True: they'd had a special bond. Paid attention to each other. Worked together. Helped each other with household and gardening chores. Played tennis, skied, biked, took long walks. Theirs had been an extraordinary friendship.

Then came breast cancer that spread to her liver. During those terrible final months she released him: "Find a woman you can love who loves you. Be happy. Loving as you have loved me is the best thing you do."

He promised her he'd try.

But the effort he promised had soon became a fool's errand. During the nearly four decades he'd loved her, not once had he seen a woman like her: warm and loving, brilliant and beautiful, supremely attractive, youthful and compelling. Always interesting. Always interested in him. And he was already 72 at the time of her death. True: all his life he'd been an athlete: had worked-out, practiced yoga, hiked and biked, ate well and sparingly, remained vigorous and healthy. Constantly tested his body. He studied and stayed abreast of research in his field. . .in every way he could think of, he worked hard to live-UP to her, and hold her love.

Still, after her death, he realized that even had he found the woman she hoped he might, it was highly unlikely any such new woman would find him interesting and attractive. He was aging, after-all

The Cummings poem haunted him as much as did she. Her death had shattered him. Indeed, Humpty-Dumpty had a great fall. He fell into a largely solitary existence, continued his physical regimen, read and studied, exercised and stayed physically fit. He traveled to visit old friends.

Best thing: their youngest daughter had a stretch of bad luck. She and her two gorgeous-bright sons moved into his large and beautiful home. Here's my recommendation: you ever hit a hard patch, bring your striking daughter and her five and seven year-old sons into your home. Bring as well her new best friend. Lots of astonishingly good things'll happen, but the laughter alone will save your life.

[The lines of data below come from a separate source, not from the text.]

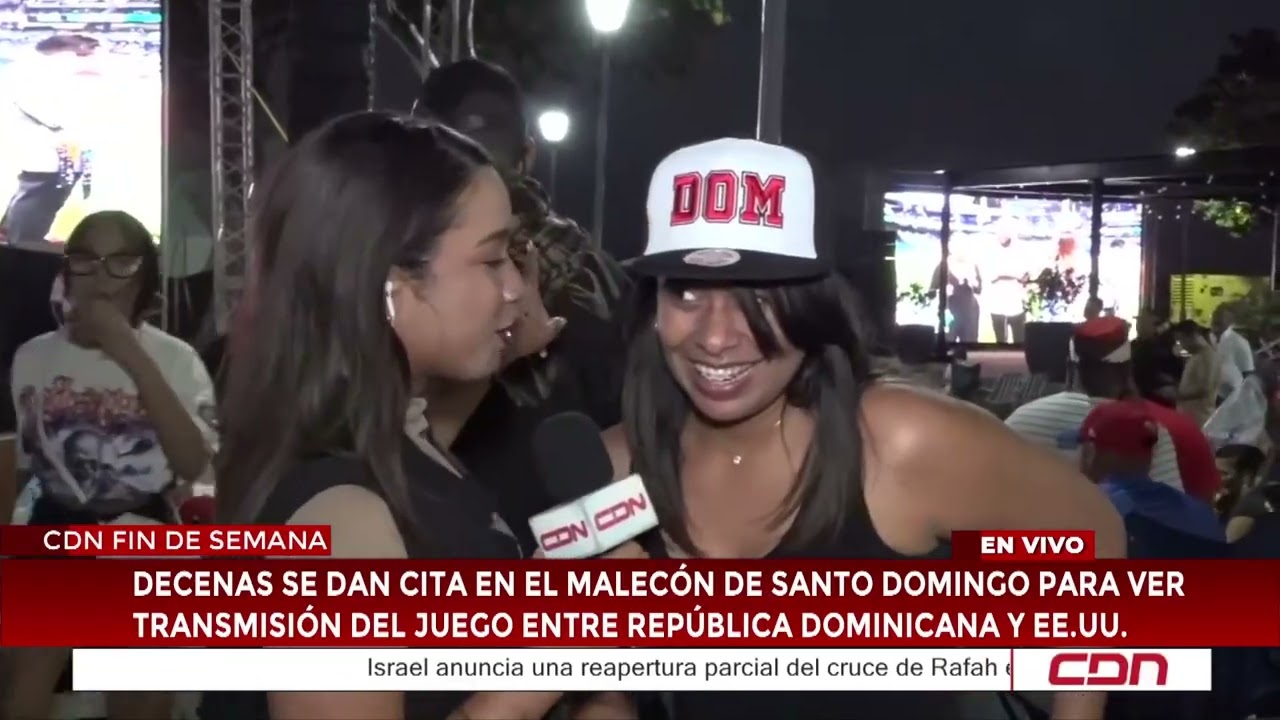 Decenas se dan cita al Malecón de Santo Domingo para ver transmisión del juego RD vs USA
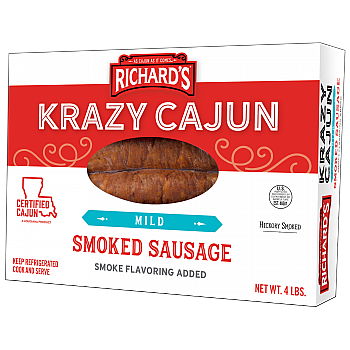 Richard's Mild Smoked Sausage 4 lb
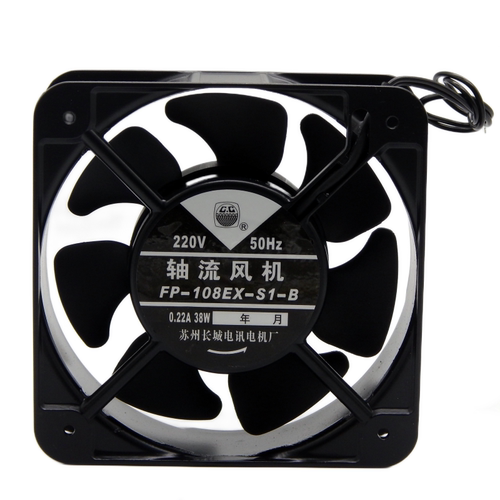 电焊机柜散热15050轴流风机FP-108EX-B滚珠220V/380v散热排气扇 - 图3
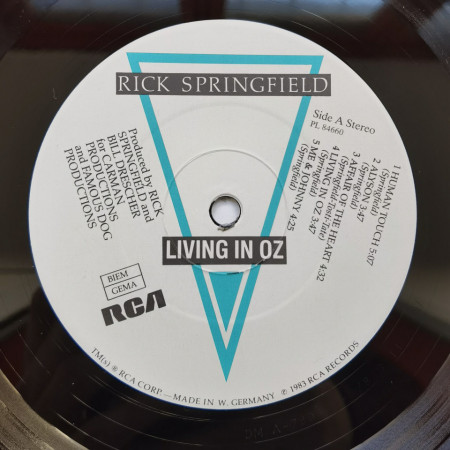 Rick Springfield ‎– албум Living In Oz - Img 2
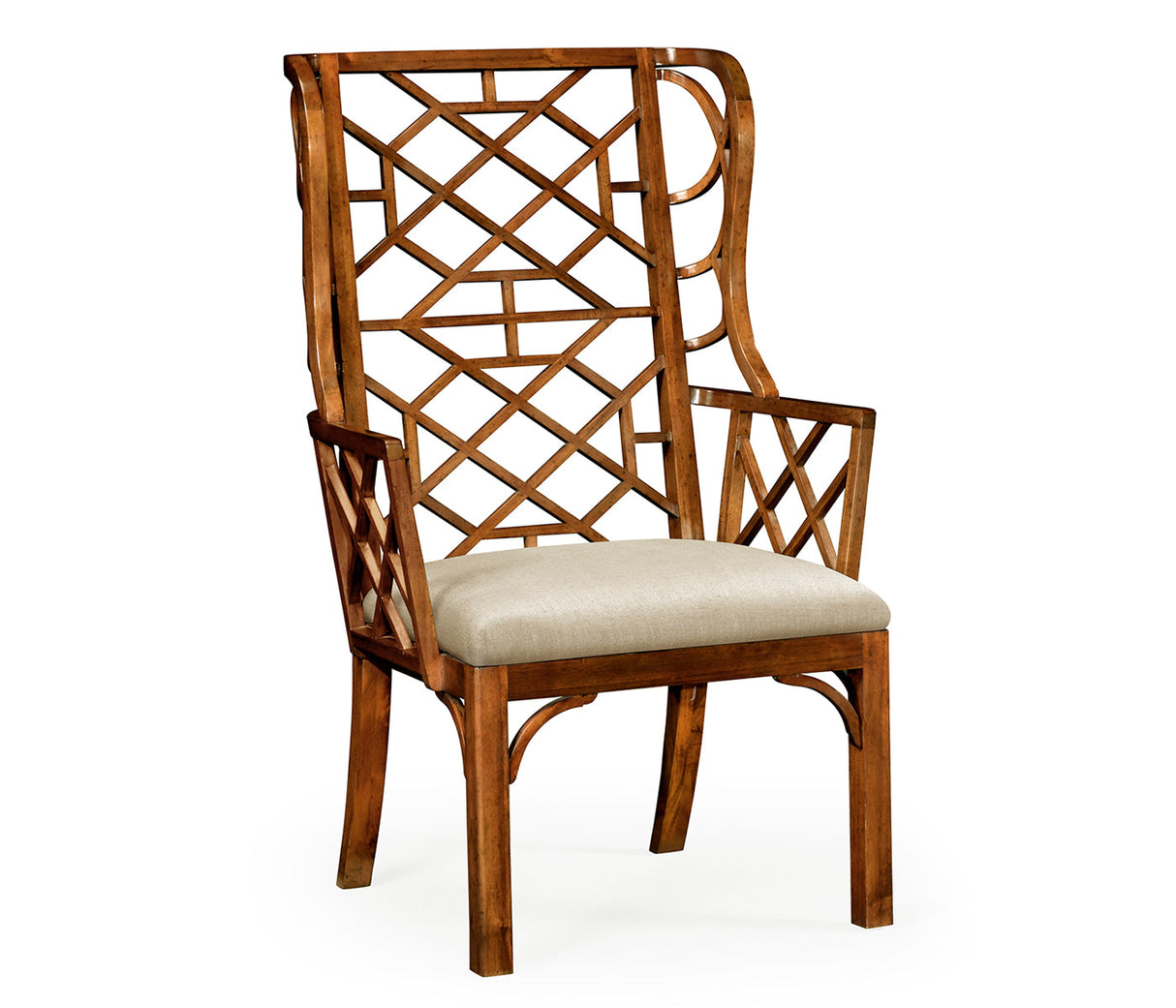 Churchman Collection - Imperial Mahogany Lattice Back Wing Chair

But in much the same way as when he and Nancy lived together and loved, after her death he carried her heart with him. . .the core of her, snug and safe in his heart. And over time the meaning of those difficult e. e. cummings lines became increasingly more clear to him. He felt and understood those powerful lines:

. . .here is the root of the root and the bud of the bud
and the sky of the sky of a tree called life, which
grows higher than the soul can hope or the mind can hide. . . .


The facts of life are unyielding and immense, immutable and impersonal. Death and pain are real. They come to us all. Life spares no favorites. Nancy lost the life she loved. She was blameless. Yet the cure he hoped for Nancy was not forthcoming. Nor can he hide the fact of her death. Still, he CAN carry her with him safely in his heart.

And though his life as a widower is not yet good.
It's steadily getting better than he had ever dared hope!